Let Megrahi's abandoned appeal be revived to allow new evidence

[This is the headline over a letter from Iain A D Mann in today’s edition of The Herald.  It reads as follows:]

I welcome Justice Minister Kenny MacAskill's assurance to the Holyrood Parliament that the Scottish Government is anxious to publish in full the report of the Scottish Criminal Cases Review Commission (SCCRC) into the Camp Zeist trial of the man convicted of the Lockerbie bombing, Abdelbaset Ali Mohmed al Megrahi and its concerns about the safeness of his conviction ("Let us see reasons for appeal on Megrahi conviction", The Herald, March 1). (...)
However, the most important part of Mr MacAskill's Holyrood statement was his assertion that there is a mechanism by which Megrahi's abandoned second appeal could be revived, even posthumously. Mr MacAskill was adamant that either SCCRC or Megrahi's family were entitled to ask the High Court to resurrect the appeal, and that the court has the power to do so.

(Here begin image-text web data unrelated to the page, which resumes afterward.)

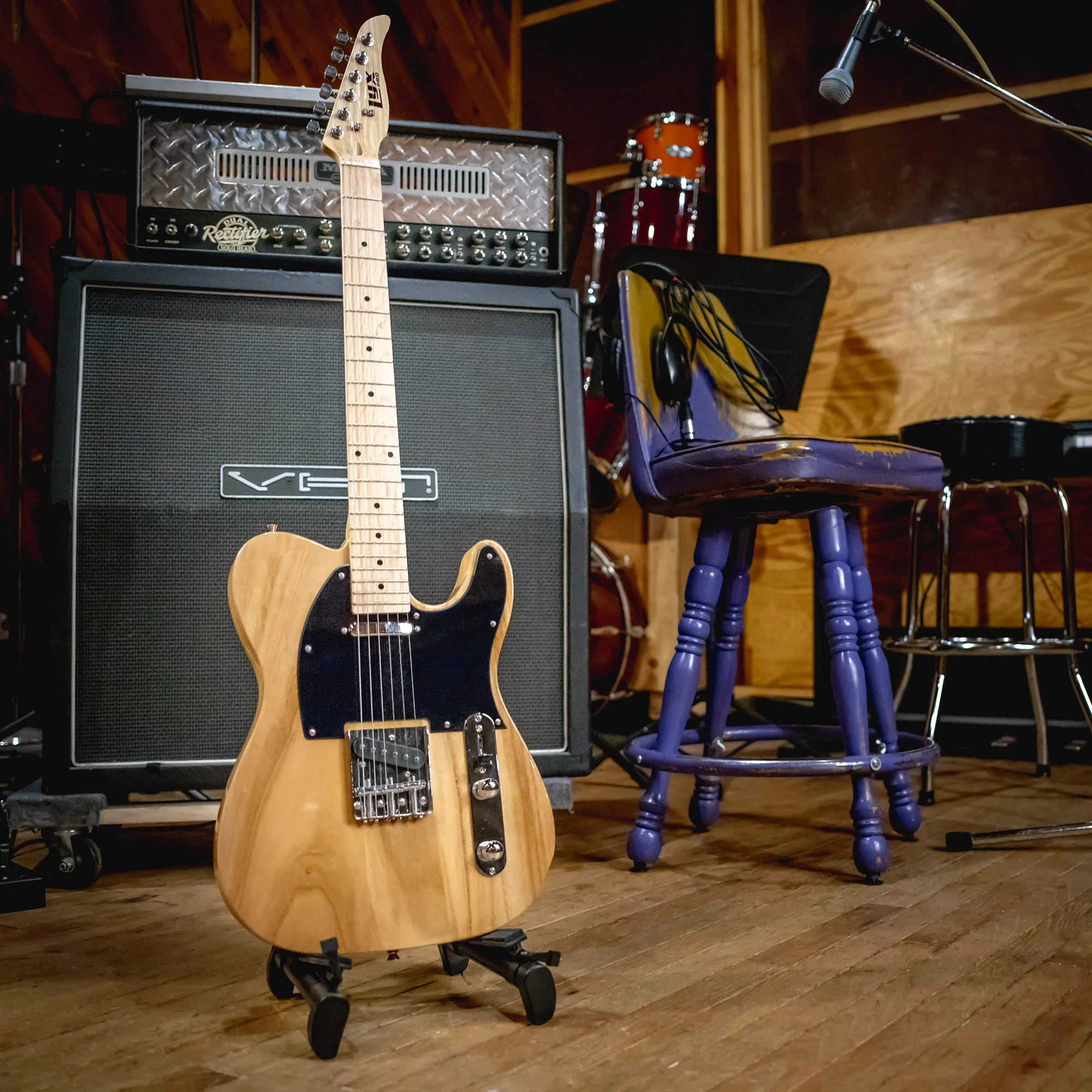 39" Telecaster Electric Guitar, Full-Size Paulownia Body - Natural - Image 7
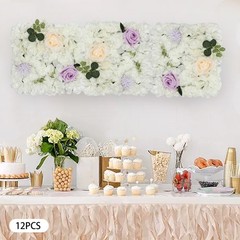 3D Flower Wall Panel-12pcs Artificial Flower Wall Background Rose Wedding Wall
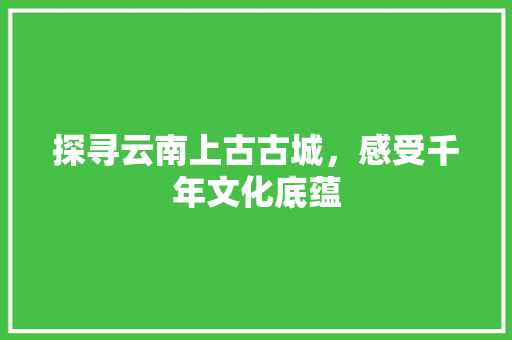 探寻云南上古古城，感受千年文化底蕴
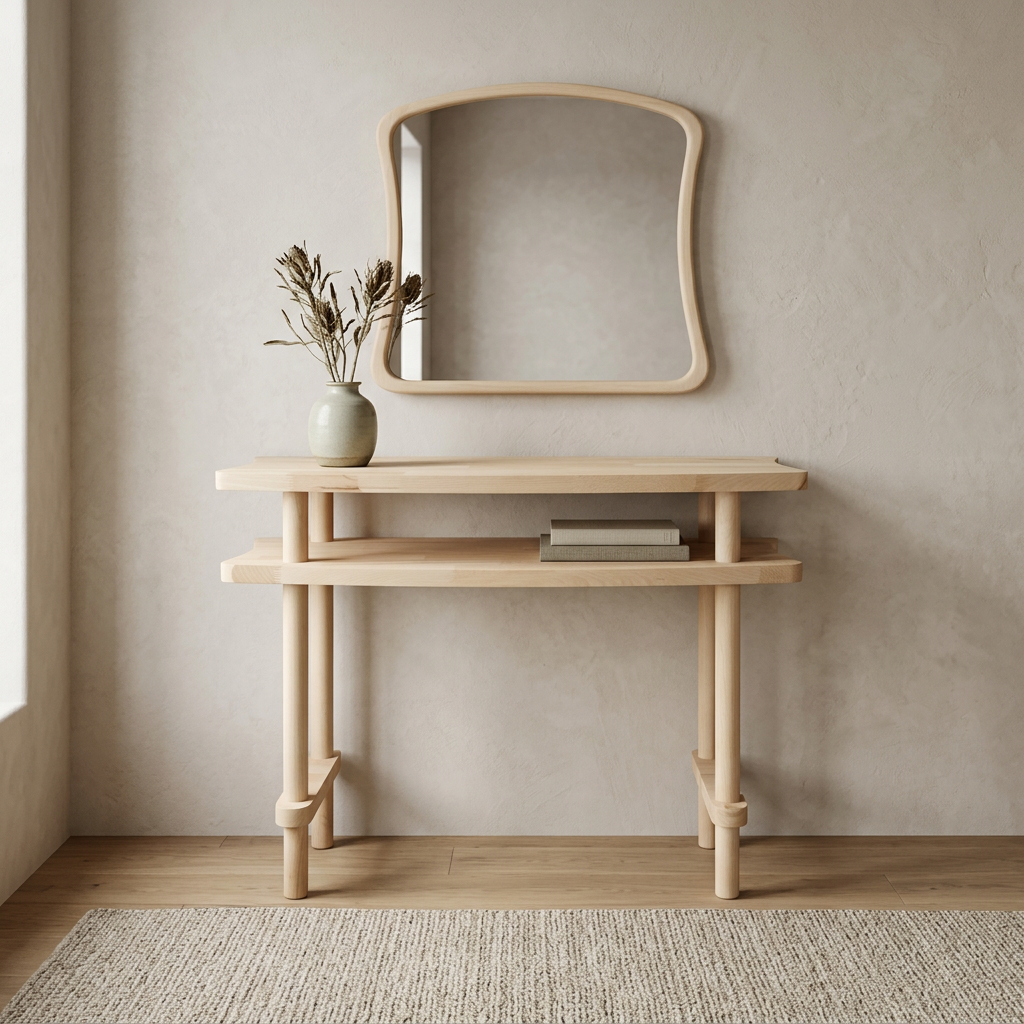 Console Table with Mirror Set, Solid Beech Wood Entryway Furniture, Scandinavian Minimalist Vanity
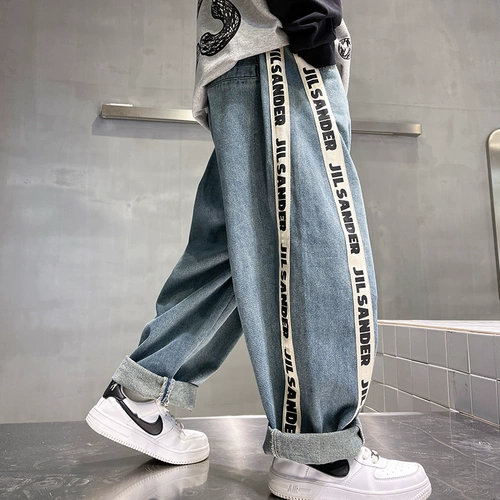 Джинсы для мальчиков, детские штаны, подходит для подростков, осенние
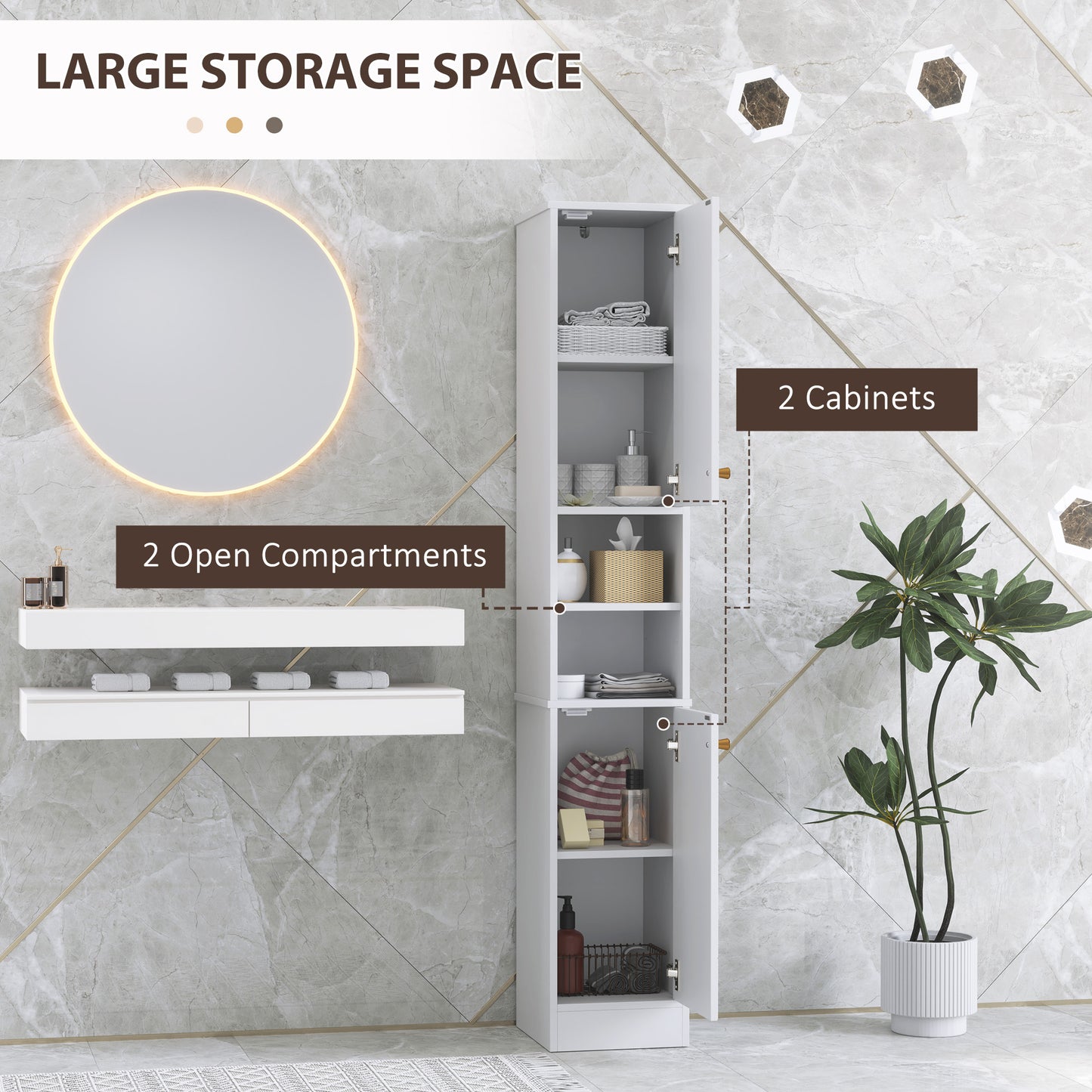 Tall Bathroom Storage Cabinet with Doors | Slim Freestanding | Adjustable Shelves | Gold Tone Handles | White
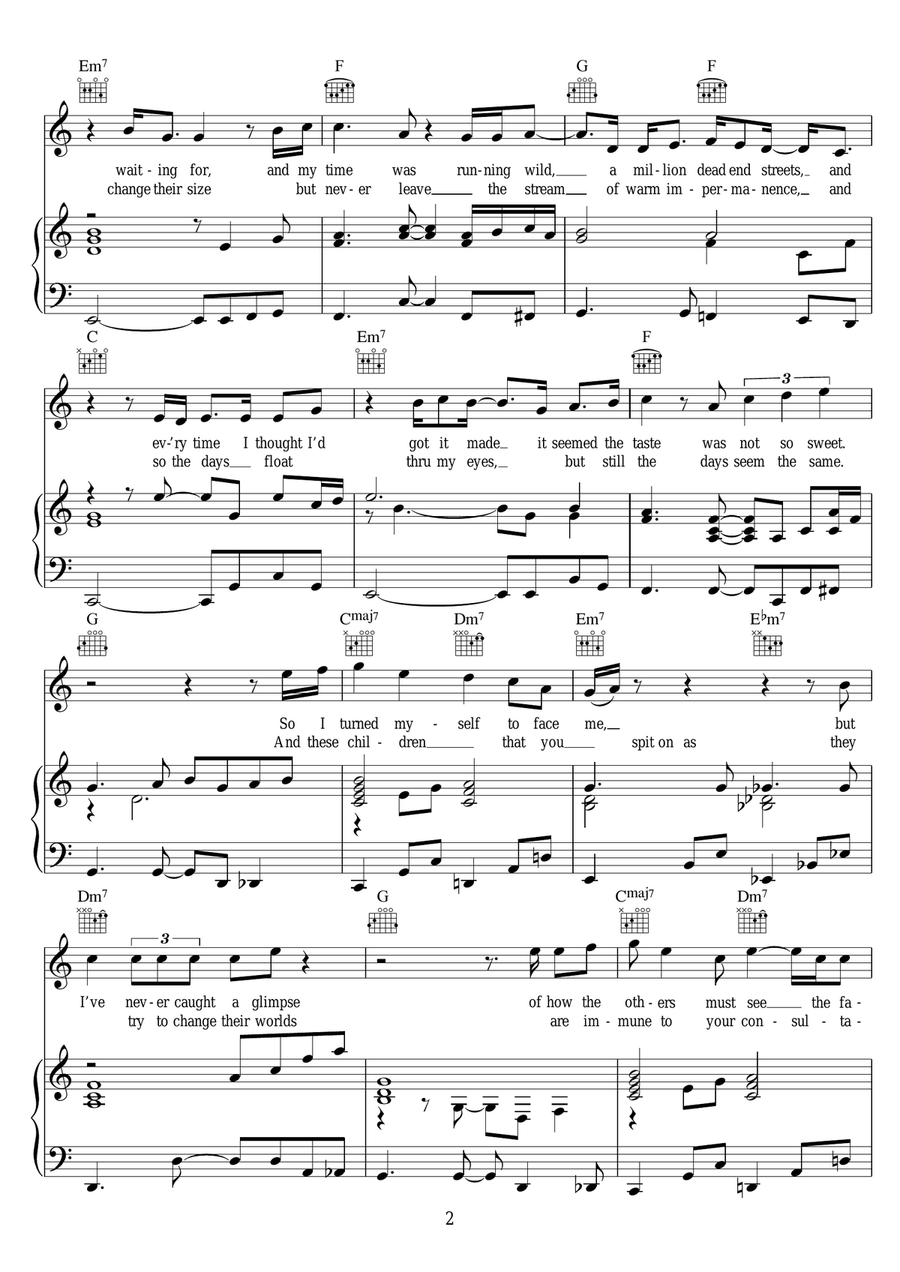 Changes Changes Piano, Vocal, Guitar scores gallery preview page 2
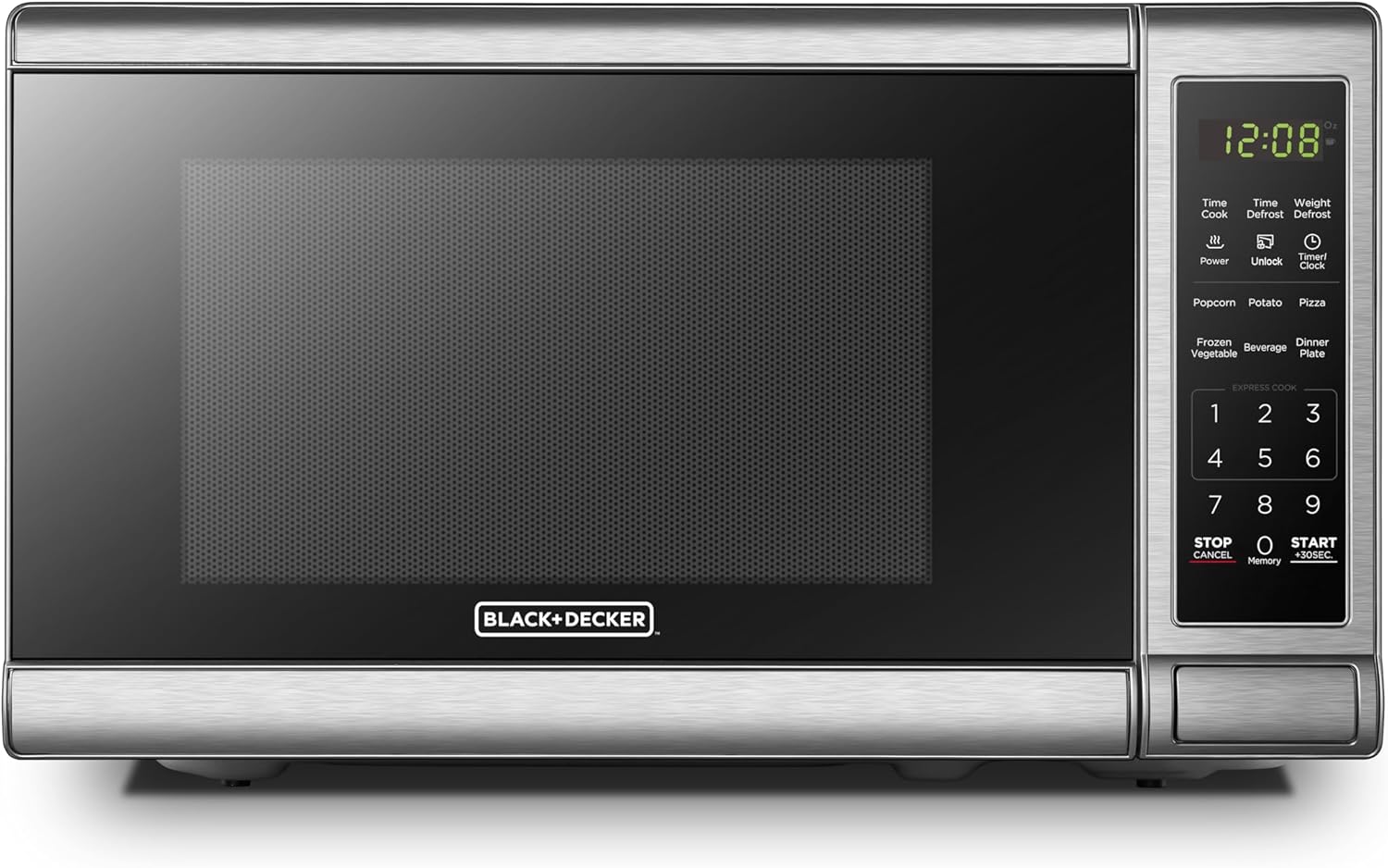 BLACK+DECKER EM720CB7 Digital Microwave Oven with Turntable Push-Button Door, Child Safety Lock, 700W, Stainless Steel, 0.7 Cu.ft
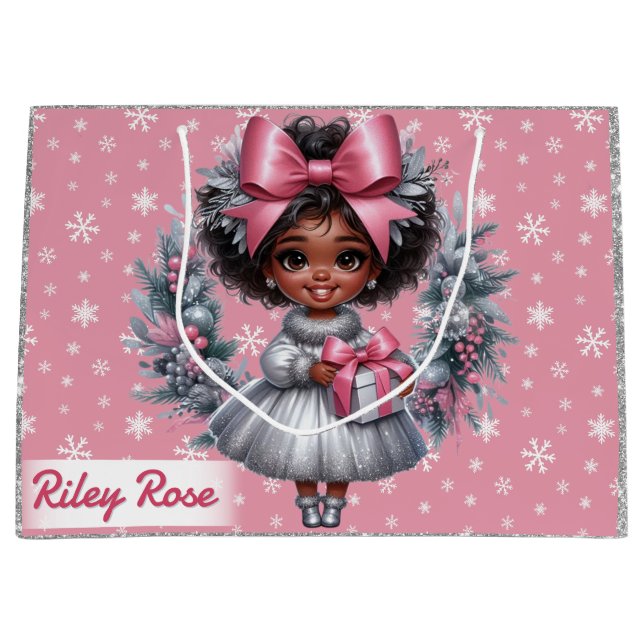 African American Girl Pink & Silver Holiday Large Gift Bag (Front)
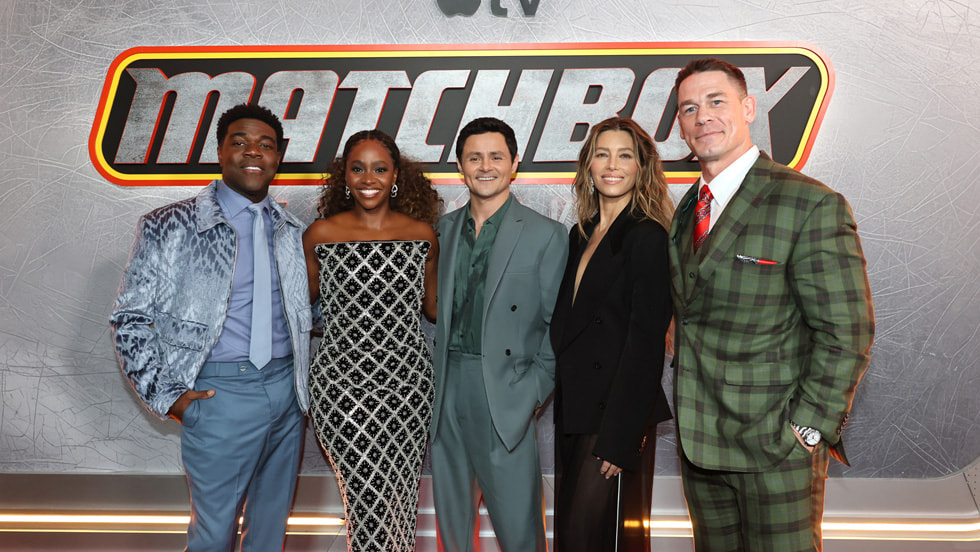 Sam Richardson, Teyonah Parris, Arturo Castro, Jessica Biel and John Cena attend the world premiere of the upcoming Apple Original Film “Matchbox The Movie” at AMC Lincoln Square on October 5, 2026 in New York City. “Matchbox The Movie” premieres globally on Apple TV on October 9, 2026.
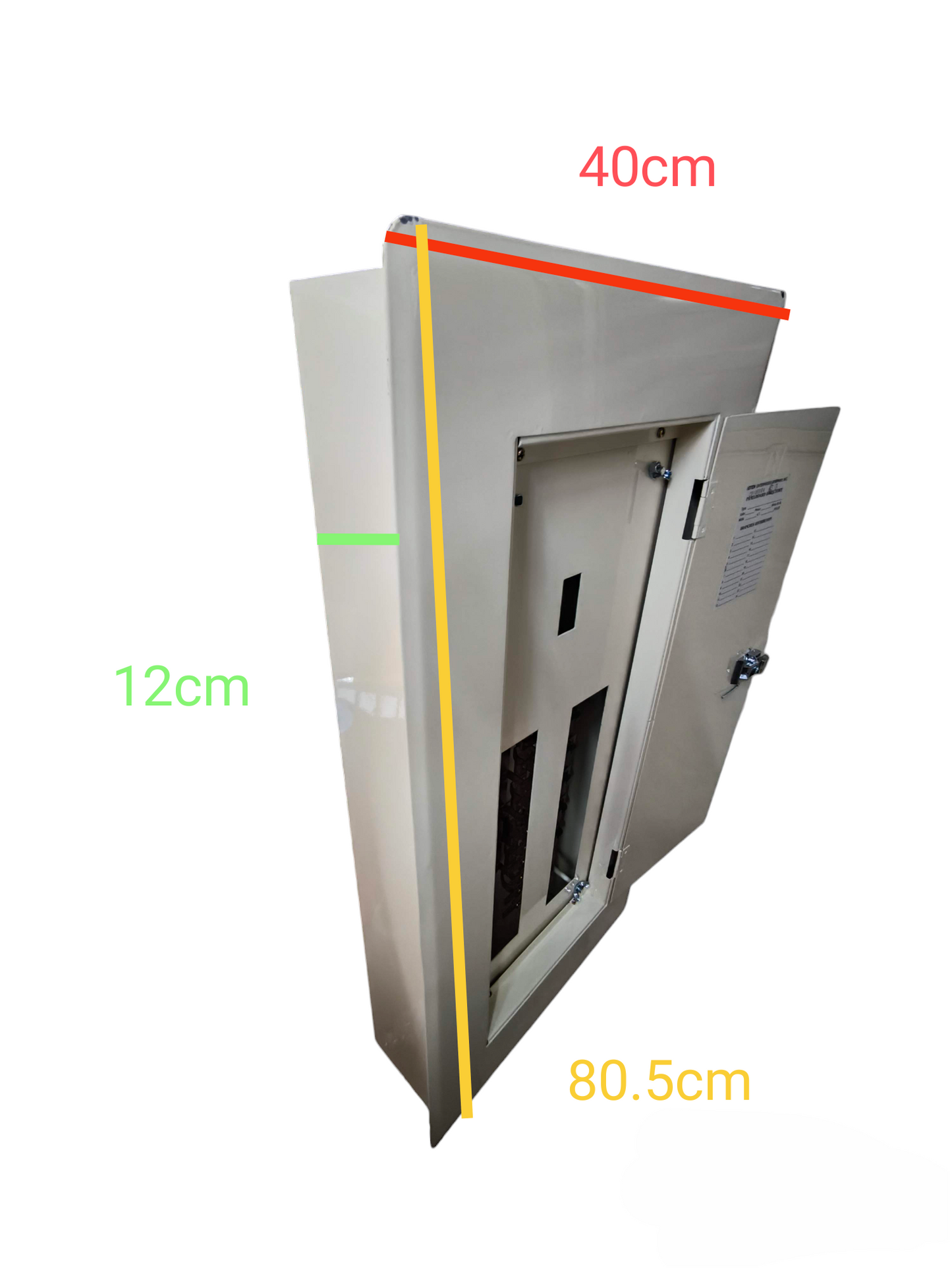 Koten distribution panel 12 Branches 2P 125A Main with HPH B-On . metal electrical box open with visible breaker slots
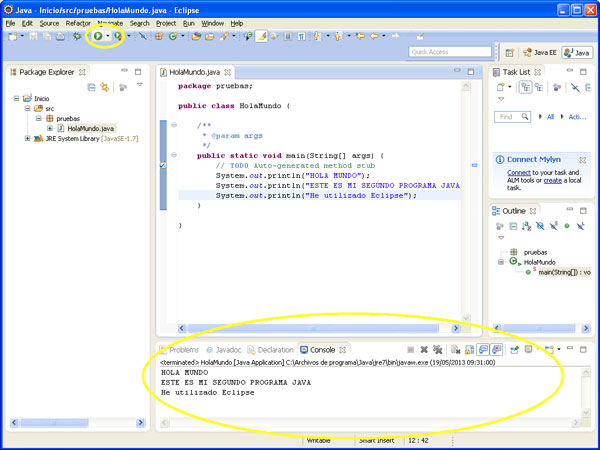 Eclipse. Ejecucion de una clase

As far as I know, this is the first time this has been officially stated. In view of recent revelations and widespread public concern, it is difficult to believe that the High Court would deny such a request. The revived appeal would allow the new evidence, and also the critical information previously withheld from the defence, to be given in open court and tested under oath.
[Megrahi's abandoned appeal cannot be revived. There is no legal mechanism for this to happen. What could happen, and what Kenny MacAskill was referring to in his parliamentary statement, is a further application to the Scottish Criminal Cases Review Commission. But what Mr MacAskill signally failed to mention is  that legislation that he himself promoted (section 7 of the Criminal Procedure (Legal Assistance, Detention and Appeals) (Scotland) Act 2010 -- the "Cadder Act") places significant new hurdles in the path of any such application. Before granting any such application the SCCRC must be satisfied that an appeal is in the interests of justice and specifically now "must have regard to the need for finality and certainty in the determination of criminal proceedings". And even if the SCCRC grants the application, under the Cadder Act the High Court can refuse to hear the appeal if it believes that it is not in the interests of justice that any appeal arising from the reference should proceed. In determining this matter the High Court is directed that it "must have regard to the need for finality and certainty in the determination of criminal proceedings".
Accordingly, contrary to the impression that Mr MacAskill sought to create in the Scottish Parliament, a further appeal by members of Mr Megrahi's family (or by relatives of Lockerbie victims such as Dr Jim Swire) is not something that can be readily and easily brought about.  Kenny MacAskill's intervention is, in my view, nothing more than a transparent diversionary tactic designed to give the Scottish Government the perfect excuse to do nothing about the scandal of the Megrahi conviction. We must not allow the tactic to succeed.]
The last two paragraphs were my comment at the time. There is now a further application before the Scottish Criminal Cases Review Commission. But its path is not a smooth one.